### How to complete this task
Each line from the beginning of the entries below through the line that includes "May include: A white fabric" must be returned exactly as given.
-- Extracted information follows --
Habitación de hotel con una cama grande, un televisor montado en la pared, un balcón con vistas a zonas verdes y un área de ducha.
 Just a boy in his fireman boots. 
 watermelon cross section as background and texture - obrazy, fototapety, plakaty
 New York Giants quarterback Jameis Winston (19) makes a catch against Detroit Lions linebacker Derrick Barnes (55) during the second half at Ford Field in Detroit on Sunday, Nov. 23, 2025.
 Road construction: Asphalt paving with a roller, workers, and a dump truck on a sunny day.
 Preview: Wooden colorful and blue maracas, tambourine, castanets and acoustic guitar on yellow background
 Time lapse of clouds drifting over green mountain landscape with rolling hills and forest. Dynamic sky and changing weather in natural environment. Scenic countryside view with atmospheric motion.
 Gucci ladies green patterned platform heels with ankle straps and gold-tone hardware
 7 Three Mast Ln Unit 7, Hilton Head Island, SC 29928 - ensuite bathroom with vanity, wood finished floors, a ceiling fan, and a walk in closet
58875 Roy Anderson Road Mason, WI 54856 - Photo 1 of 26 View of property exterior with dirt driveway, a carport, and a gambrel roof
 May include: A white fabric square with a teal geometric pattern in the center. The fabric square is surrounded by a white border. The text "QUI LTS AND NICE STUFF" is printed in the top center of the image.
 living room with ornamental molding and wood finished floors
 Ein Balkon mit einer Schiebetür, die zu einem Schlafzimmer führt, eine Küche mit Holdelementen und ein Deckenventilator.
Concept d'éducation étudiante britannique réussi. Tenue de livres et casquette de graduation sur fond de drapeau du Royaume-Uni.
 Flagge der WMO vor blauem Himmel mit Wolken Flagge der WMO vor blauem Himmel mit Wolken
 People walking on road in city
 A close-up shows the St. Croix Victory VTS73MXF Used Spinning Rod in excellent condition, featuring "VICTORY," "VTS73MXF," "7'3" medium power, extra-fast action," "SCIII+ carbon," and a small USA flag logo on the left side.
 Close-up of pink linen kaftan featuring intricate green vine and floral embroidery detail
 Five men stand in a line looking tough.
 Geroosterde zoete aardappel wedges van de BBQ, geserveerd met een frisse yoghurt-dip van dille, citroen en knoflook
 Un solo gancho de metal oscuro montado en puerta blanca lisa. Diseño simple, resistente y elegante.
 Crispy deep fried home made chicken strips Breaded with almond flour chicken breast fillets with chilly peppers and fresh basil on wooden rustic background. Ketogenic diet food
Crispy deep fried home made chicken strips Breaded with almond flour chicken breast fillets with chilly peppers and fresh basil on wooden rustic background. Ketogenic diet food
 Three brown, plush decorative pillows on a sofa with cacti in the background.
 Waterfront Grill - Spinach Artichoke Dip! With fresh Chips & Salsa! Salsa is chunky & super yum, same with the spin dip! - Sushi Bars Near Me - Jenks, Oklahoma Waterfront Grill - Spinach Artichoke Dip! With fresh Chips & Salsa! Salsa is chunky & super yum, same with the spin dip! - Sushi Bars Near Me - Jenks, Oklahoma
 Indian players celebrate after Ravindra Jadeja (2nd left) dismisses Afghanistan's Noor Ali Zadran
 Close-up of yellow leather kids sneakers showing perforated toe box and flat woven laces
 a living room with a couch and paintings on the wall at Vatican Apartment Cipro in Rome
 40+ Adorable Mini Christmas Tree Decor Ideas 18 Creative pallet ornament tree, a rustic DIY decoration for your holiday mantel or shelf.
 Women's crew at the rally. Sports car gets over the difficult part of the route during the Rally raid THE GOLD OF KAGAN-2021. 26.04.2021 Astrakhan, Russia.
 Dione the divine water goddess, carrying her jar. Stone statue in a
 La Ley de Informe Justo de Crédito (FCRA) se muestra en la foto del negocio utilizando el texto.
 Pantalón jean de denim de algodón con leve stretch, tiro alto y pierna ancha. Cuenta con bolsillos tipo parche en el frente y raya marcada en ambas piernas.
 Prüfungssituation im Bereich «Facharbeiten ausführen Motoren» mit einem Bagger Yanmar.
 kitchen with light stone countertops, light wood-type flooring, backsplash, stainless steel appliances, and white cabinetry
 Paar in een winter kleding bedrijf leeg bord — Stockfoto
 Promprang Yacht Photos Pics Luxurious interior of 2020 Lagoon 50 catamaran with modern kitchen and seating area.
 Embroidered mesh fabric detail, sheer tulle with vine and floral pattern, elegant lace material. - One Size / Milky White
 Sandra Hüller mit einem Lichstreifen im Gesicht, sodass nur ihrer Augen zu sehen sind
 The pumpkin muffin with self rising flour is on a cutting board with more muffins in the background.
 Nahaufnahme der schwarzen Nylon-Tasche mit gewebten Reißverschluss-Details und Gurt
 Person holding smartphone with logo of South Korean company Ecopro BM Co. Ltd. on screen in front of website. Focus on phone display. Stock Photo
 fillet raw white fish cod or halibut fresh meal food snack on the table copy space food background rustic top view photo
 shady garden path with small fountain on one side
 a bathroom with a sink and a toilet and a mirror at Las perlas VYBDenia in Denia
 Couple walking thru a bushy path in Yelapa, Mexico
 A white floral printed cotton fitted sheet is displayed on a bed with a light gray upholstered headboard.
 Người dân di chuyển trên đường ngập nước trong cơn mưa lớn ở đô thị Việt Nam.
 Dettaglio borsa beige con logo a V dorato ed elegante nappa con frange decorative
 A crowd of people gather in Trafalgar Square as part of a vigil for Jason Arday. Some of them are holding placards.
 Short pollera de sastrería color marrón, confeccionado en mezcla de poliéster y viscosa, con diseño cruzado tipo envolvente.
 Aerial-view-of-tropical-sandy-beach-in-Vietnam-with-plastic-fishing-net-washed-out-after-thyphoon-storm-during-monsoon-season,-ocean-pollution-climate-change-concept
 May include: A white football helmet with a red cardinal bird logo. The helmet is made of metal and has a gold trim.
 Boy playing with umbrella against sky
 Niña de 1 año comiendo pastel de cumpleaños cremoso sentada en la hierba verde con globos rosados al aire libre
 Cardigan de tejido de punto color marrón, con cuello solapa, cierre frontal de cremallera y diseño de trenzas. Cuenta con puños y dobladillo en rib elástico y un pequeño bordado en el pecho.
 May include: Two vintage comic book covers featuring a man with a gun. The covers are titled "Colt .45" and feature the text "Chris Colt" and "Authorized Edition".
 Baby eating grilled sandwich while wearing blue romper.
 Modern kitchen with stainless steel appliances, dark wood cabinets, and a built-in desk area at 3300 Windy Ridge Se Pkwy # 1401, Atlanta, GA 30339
-- Extracted information concluded --
### Task response
Habitación de hotel con una cama grande, un televisor montado en la pared, un balcón con vistas a zonas verdes y un área de ducha.
 Just a boy in his fireman boots. 
 watermelon cross section as background and texture - obrazy, fototapety, plakaty
 New York Giants quarterback Jameis Winston (19) makes a catch against Detroit Lions linebacker Derrick Barnes (55) during the second half at Ford Field in Detroit on Sunday, Nov. 23, 2025.
 Road construction: Asphalt paving with a roller, workers, and a dump truck on a sunny day.
 Preview: Wooden colorful and blue maracas, tambourine, castanets and acoustic guitar on yellow background
 Time lapse of clouds drifting over green mountain landscape with rolling hills and forest. Dynamic sky and changing weather in natural environment. Scenic countryside view with atmospheric motion.
 Gucci ladies green patterned platform heels with ankle straps and gold-tone hardware
 7 Three Mast Ln Unit 7, Hilton Head Island, SC 29928 - ensuite bathroom with vanity, wood finished floors, a ceiling fan, and a walk in closet
58875 Roy Anderson Road Mason, WI 54856 - Photo 1 of 26 View of property exterior with dirt driveway, a carport, and a gambrel roof
 May include: A white fabric square with a teal geometric pattern in the center. The fabric square is surrounded by a white border. The text "QUI LTS AND NICE STUFF" is printed in the top center of the image.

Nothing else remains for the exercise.